Upgrading from 0.37.0 to 0.37.4 produces service account issues
Opened this issue · 8 comments
Description
When we tested upgrading our Argo managed install of Karpenter from 0.37.0 to 0.37.4, it produced errors in the controller about missing role permissions for the service account.
example error:
k8s.io/client-go@v0.30.1/tools/cache/reflector.go:232: Failed to watch *v1.ConfigMap: failed to list *v1. │ │ ConfigMap: configmaps is forbidden: User \"system:serviceaccount:kube-system:karpenter\" cannot list resource \"configmaps\" in API group \"\" in the namespace \"kube-system\"
.
Webhooks are disabled in the chart configuration.
Not sure if it's related, but when I tried to manage Karpenter chart install with Kustomize, it produced another set of errors with missing role and rolebindings for the kube-node-lease namespace.
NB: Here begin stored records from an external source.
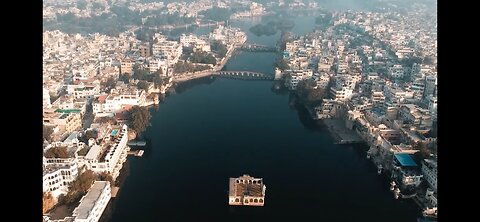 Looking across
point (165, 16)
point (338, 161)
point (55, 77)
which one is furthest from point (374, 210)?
point (165, 16)

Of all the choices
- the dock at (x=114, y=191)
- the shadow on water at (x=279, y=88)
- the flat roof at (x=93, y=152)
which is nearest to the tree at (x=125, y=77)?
the shadow on water at (x=279, y=88)

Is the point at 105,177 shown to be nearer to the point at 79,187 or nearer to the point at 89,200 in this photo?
the point at 79,187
I confirm the issue, tried going from 0.37.2 to 0.37.5 .
It looks like the ConfigMap permissions are linked to the webhooks being enabled.
{{- if .Values.webhook.enabled }}
- apiGroups: [""]
resources: ["configmaps", "secrets"]
verbs: ["get", "list", "watch"]
{{- end }}
But the container needs them at startup regardless of the webhook status....
These RBAC permissions should only be required when the Webhook is enabled, and have not changed between v0.37.0
and v0.37.5
. Did you previously have Karpenter installed with webhooks enabled? There was a known issue with the interaction between ArgoCD and knative (what Karpenter uses for webhooks) that caused Argo to fail to prune MutatingWebhookConfiguration
and ValidatingWebhookConfiguration
resources. This should have been addressed with v0.37.5
. Are you both able to confirm if those resources are present in your cluster? Also, @adrianmiron are you able to confirm that the image for your Karpenter deployment is v0.37.5 (kubectl get deployments -n kube-system karpenter -ojsonpath='{.spec.template.spec.containers[*].image}'
)?
These RBAC permissions should only be required when the Webhook is enabled, and have not changed between
v0.37.0
andv0.37.5
. Did you previously have Karpenter installed with webhooks enabled? There was a known issue with the interaction between ArgoCD and knative (what Karpenter uses for webhooks) that caused Argo to fail to pruneMutatingWebhookConfiguration
andValidatingWebhookConfiguration
resources. This should have been addressed withv0.37.5
. Are you both able to confirm if those resources are present in your cluster? Also, @adrianmiron are you able to confirm that the image for your Karpenter deployment is v0.37.5 (kubectl get deployments -n kube-system karpenter -ojsonpath='{.spec.template.spec.containers[*].image}'
)?
I confirm the webhook resource cleanup is now fixed, but yes, with the 0.37.5 chart version and webhooks off i got the error on pod startup ( i changed nothing else besides the karpenter chart version in my wrapper chart , from 0.37.2 where i am on most of my clusters ).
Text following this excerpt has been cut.